**GIVEN ENTRIES:**
■ ■ ■ ■
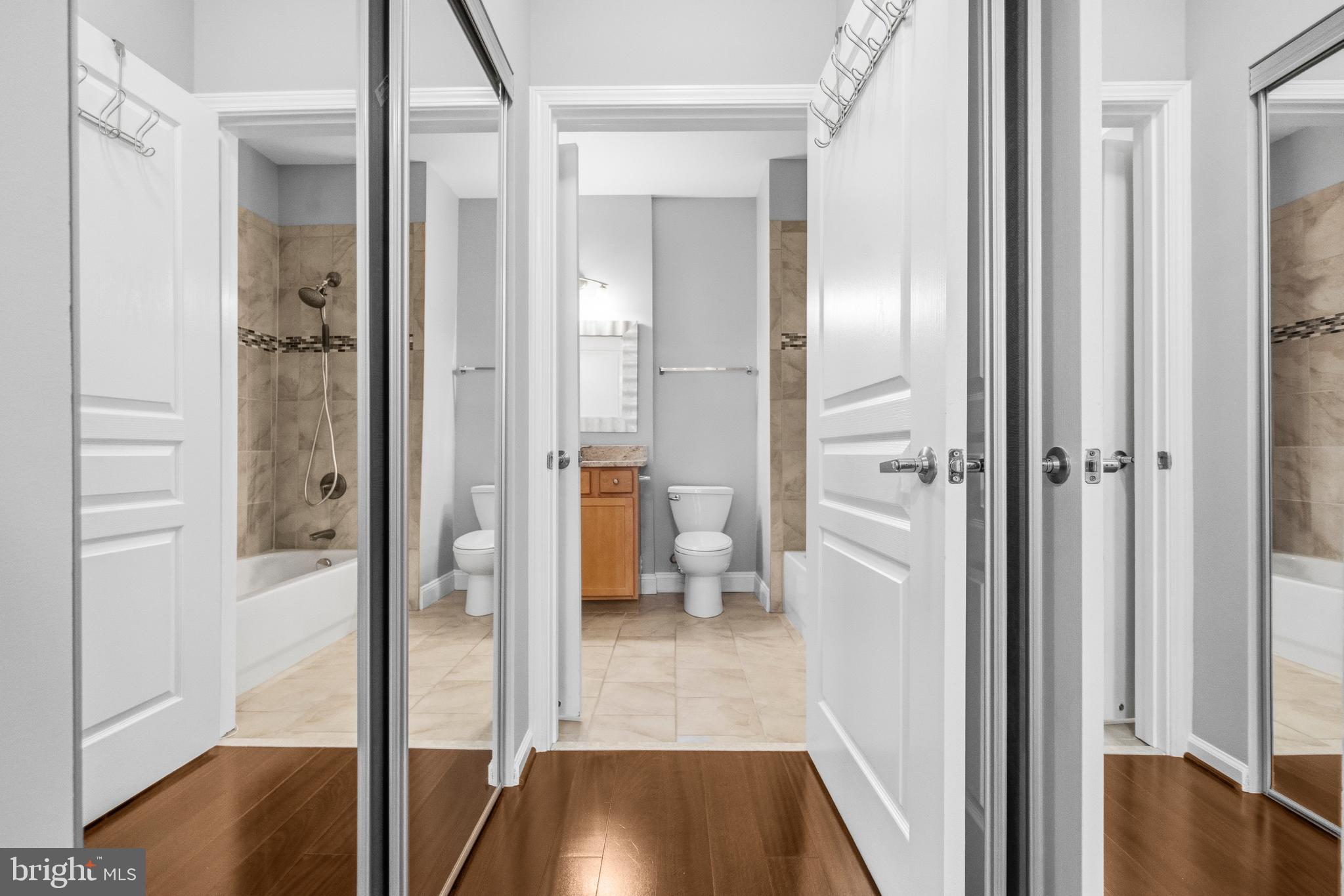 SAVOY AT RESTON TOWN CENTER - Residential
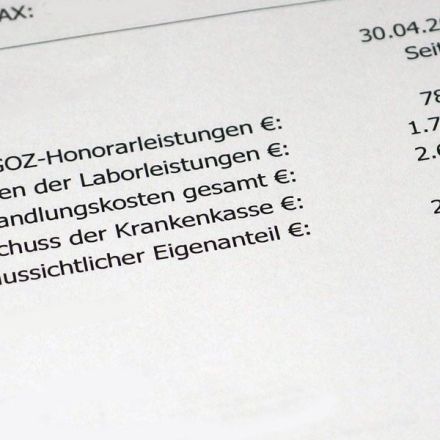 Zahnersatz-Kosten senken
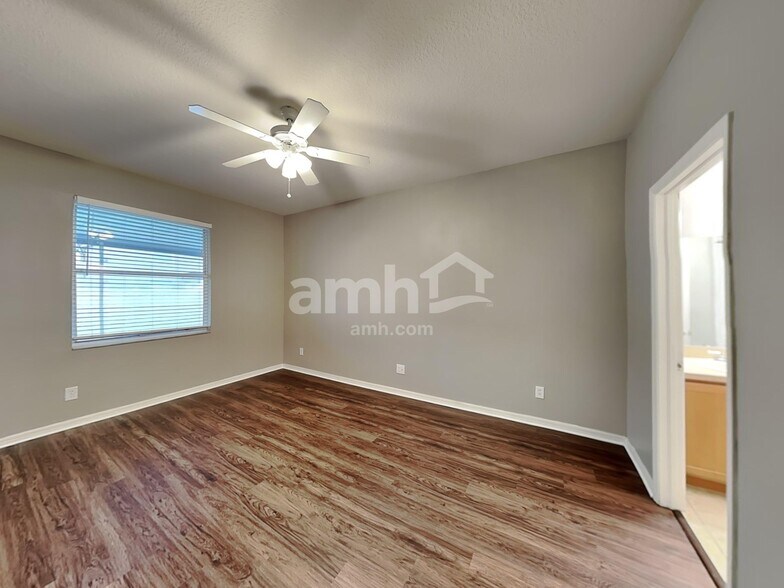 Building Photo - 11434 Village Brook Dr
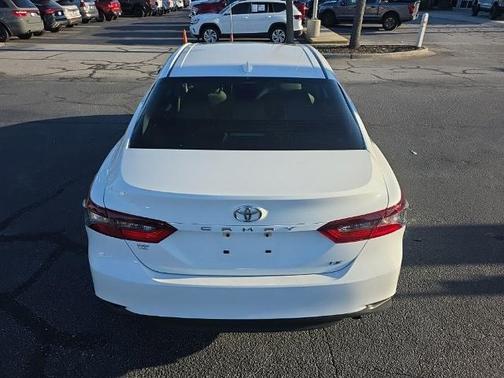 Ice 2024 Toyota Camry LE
■ ■ ■ ■
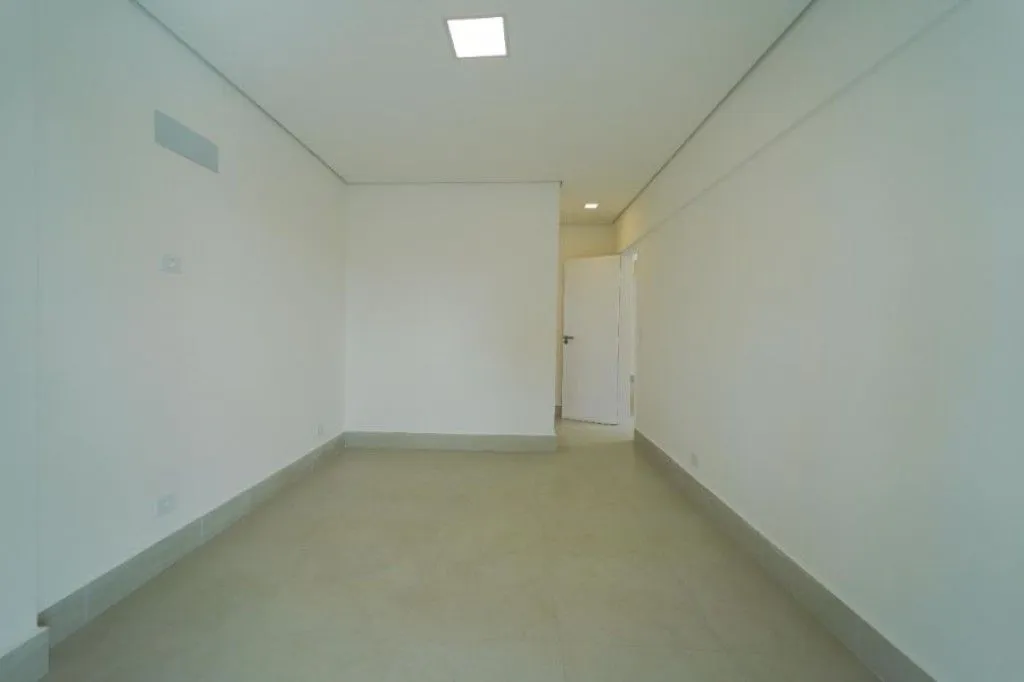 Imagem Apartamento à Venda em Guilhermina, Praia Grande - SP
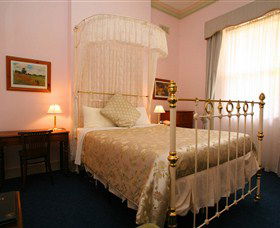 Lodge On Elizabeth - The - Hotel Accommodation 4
■ ■ ■ ■
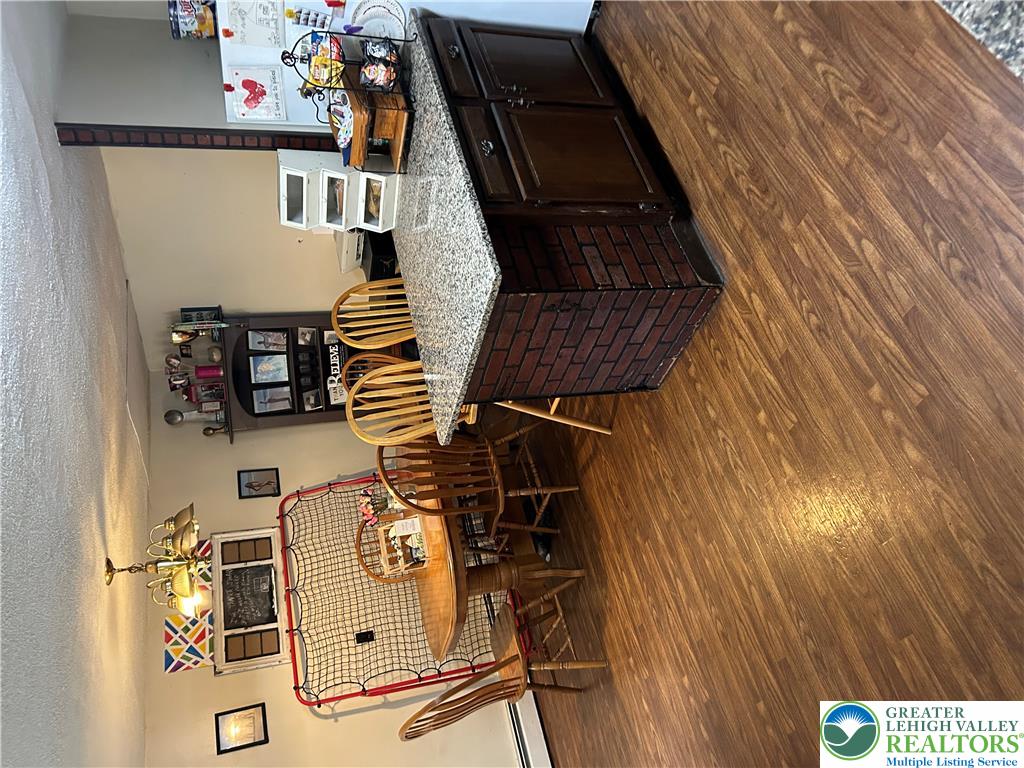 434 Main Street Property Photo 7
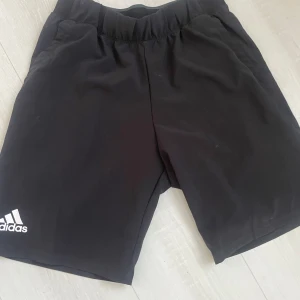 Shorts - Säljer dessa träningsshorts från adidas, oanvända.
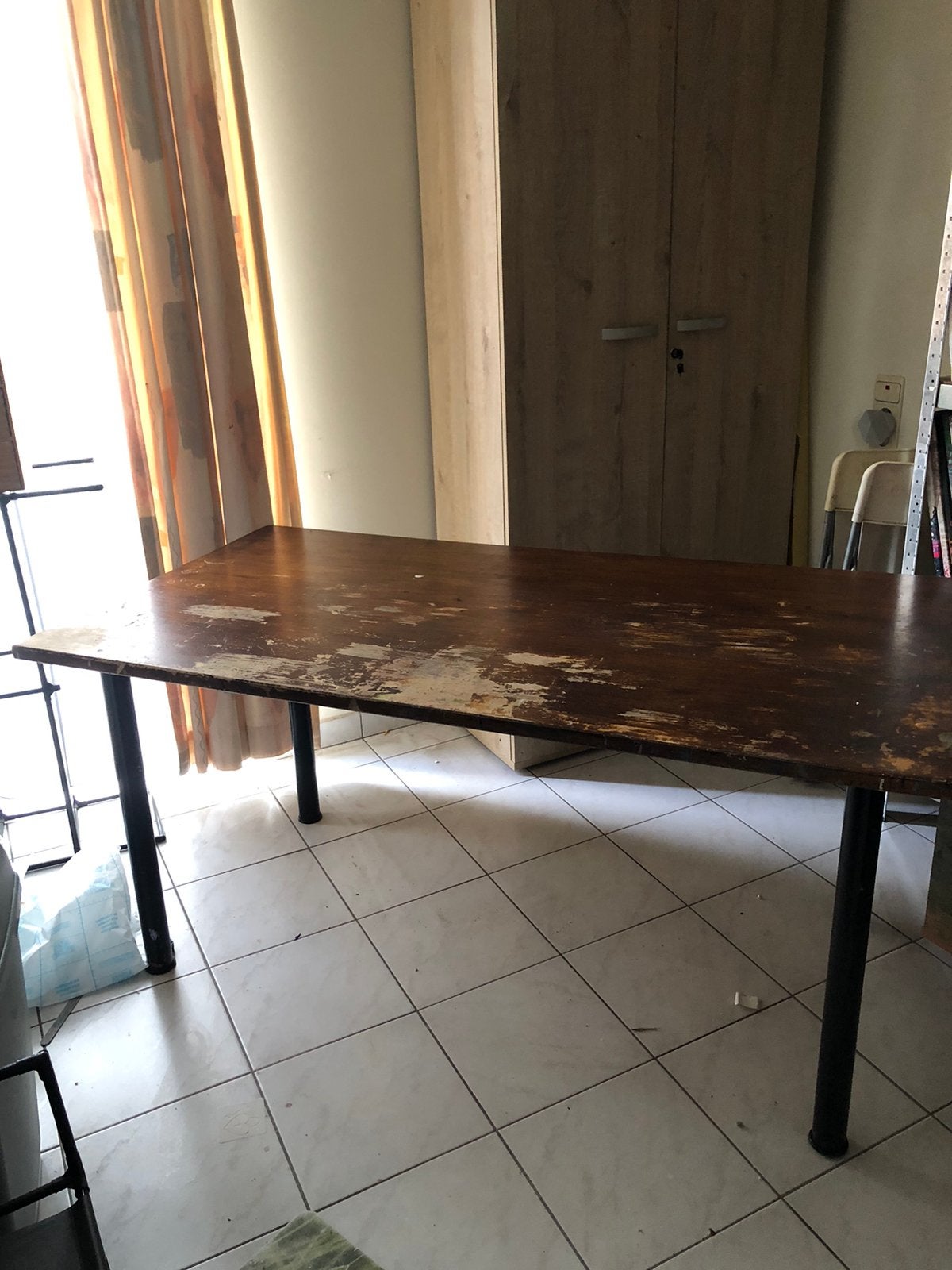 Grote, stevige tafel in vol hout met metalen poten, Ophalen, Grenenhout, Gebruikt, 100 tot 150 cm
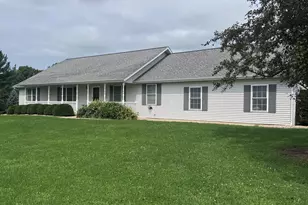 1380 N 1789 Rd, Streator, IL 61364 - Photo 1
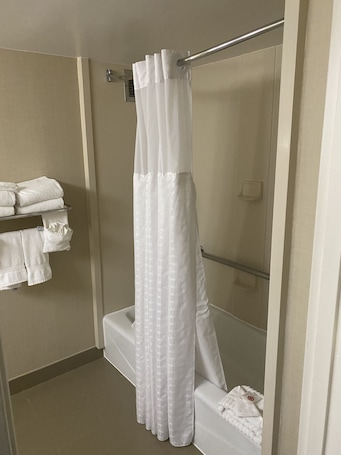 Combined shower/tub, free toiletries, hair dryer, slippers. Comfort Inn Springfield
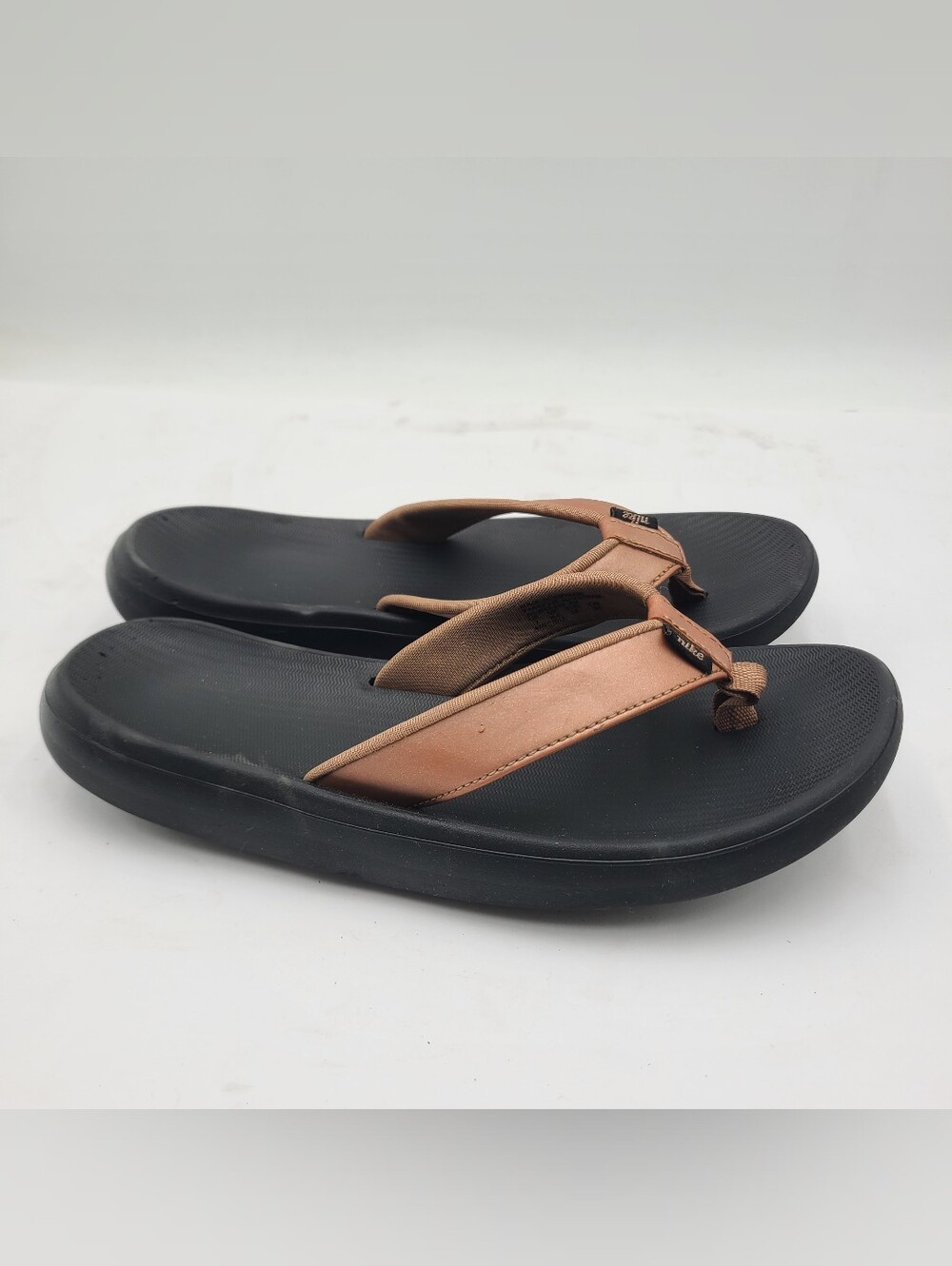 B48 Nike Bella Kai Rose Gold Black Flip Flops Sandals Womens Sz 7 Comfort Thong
■ ■ ■ ■
Using the entries above, transcribe every line from the line containing "Building Photo - 11434 Village Brook Dr" through the line containing "Ice 2024 Toyota Camry LE". Do not copy pictures.

 Building Photo - 11434 Village Brook Dr
 Ice 2024 Toyota Camry LE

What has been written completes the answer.